WHAT YOU NEED TO DO
Transcribe only part of the material below: the lines from the one containing "테수라모터스 | 신형 G90 번호판 하단이동 작업 후기" through the one containing "SUNGOOYUE Double Ended", inclusive, exactly as written.

DATA IN THIS EXERCISE
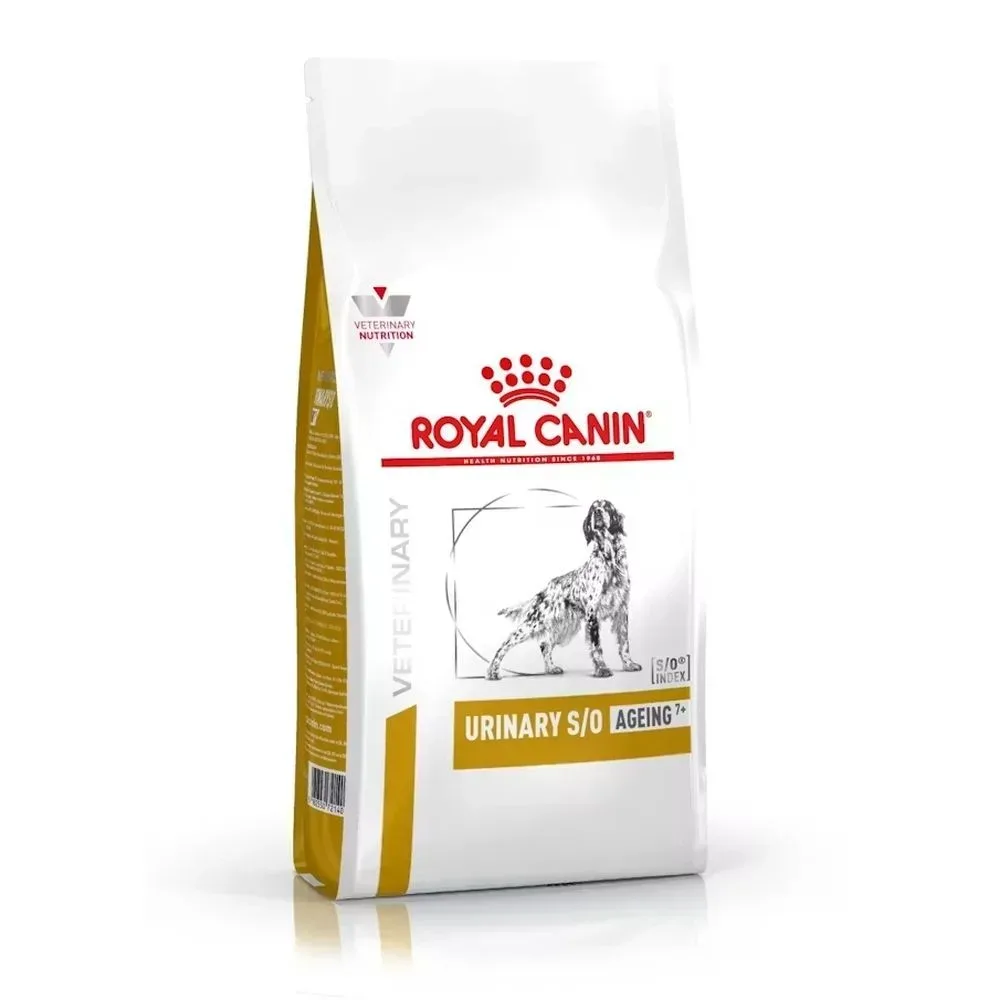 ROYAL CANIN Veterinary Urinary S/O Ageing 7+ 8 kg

==

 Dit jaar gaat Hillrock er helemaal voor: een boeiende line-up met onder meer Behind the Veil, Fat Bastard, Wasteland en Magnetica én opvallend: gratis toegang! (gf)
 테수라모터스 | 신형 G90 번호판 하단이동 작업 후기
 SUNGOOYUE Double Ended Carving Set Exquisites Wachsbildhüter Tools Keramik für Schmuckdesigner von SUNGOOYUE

ANSWER SECTION
 테수라모터스 | 신형 G90 번호판 하단이동 작업 후기
 SUNGOOYUE Double Ended Carving Set Exquisites Wachsbildhüter Tools Keramik für Schmuckdesigner von SUNGOOYUE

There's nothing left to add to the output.